Das Finanzamt erkennt die negativen Einkünfte aus selbständiger Arbeit nicht an und erlässt sogenannte Nullsteuerbescheide. Hiergegen legt der Student zunächst Klage beim FG und nach negativer Entscheidung des FG Revision beim BFH ein. Er führt an, dass sein Studium und somit auch die dadurch entstandenen Aufwendungen final mit seiner späteren selbständigen Tätigkeit im Zusammenhang gestanden hätten. Der Nichtabzug der Aufwendungen würde daher gegen das im Steuerrecht geltende Nettoprinzip verstoßen. Zudem läge eine unzulässige Rückwirkung vor: Die in §§ 4 Abs. 9, 9 Abs. 6 und 12 Nr. 5 EStG i.d.F. des BeitrRLUmsG vom 7.12.2011 erfolgte „Klarstellung“, dass – mit Geltung für alle Veranlagungszeiträume ab 2004 – Aufwendungen für eine erstmalige Berufsausbildung bzw. ein erstmaliges Studium ohne vorherige Ausbildung keine Werbungskosten bzw. Betriebsausgaben sind, verstößt nach seiner Ansicht gegen das Rückwirkungsverbot und sei somit verfassungswidrig.

Entscheidung des BFH

Der BFH wies die Revision als unbegründet zurück. Die Ausbildungskosten sind nicht als Werbungskosten/ Betriebsausgaben, sondern nur gem. § 10 Abs. 1 Nr. 7 EStG als Sonderausgaben abzugsfähig.
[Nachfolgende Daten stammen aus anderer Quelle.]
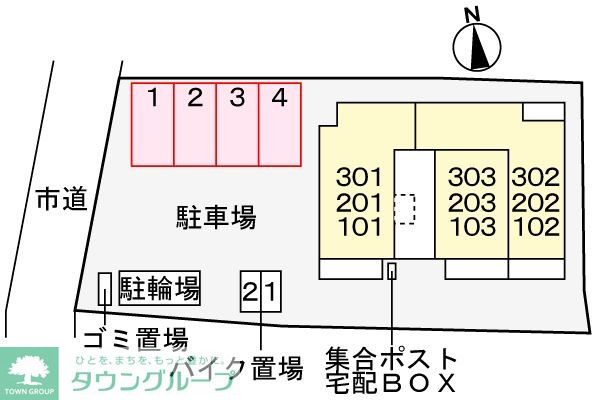 駐車場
Unstreitig ist, dass ein Abzug als Werbungskosten bzw. Betriebsausgaben dem Sonderausgabenabzug grds. vorgeht. Für Kosten eines Erststudiums, das zugleich eine Erstausbildung vermittelt und nicht im Rahmen eines Dienstverhältnisses absolviert wird, wird allerdings durch die Regelung in § 4 Abs. 9 und § 12 Nr. 5 EStG ein Abzug als Werbungskosten bzw. Betriebsausgaben ausdrücklich versagt. Der BFH sieht die Neuregelung ab 2012 und insbesondere die damit verbundene „echte Rückwirkung“ als verfassungsgemäß an. Die Gesetzgebung entspräche der bisherigen langjährigen Rechtsprechung und es handele sich um eine Klarstellung. Die „neue“ Rechtsprechung datiert erst aus 2011. Die Reaktion des Gesetzgebers mit der Neufassung von §§ 4 Abs. 9, 9 Abs. 6 und 12 Nr. 5 EStG verdeutliche lediglich die bereits seit 2004 vertretene Auffassung. Somit konnte sich für die betroffenen Veranlagungszeiträume 2004 und 2005 kein schützenswertes Vertrauen bilden.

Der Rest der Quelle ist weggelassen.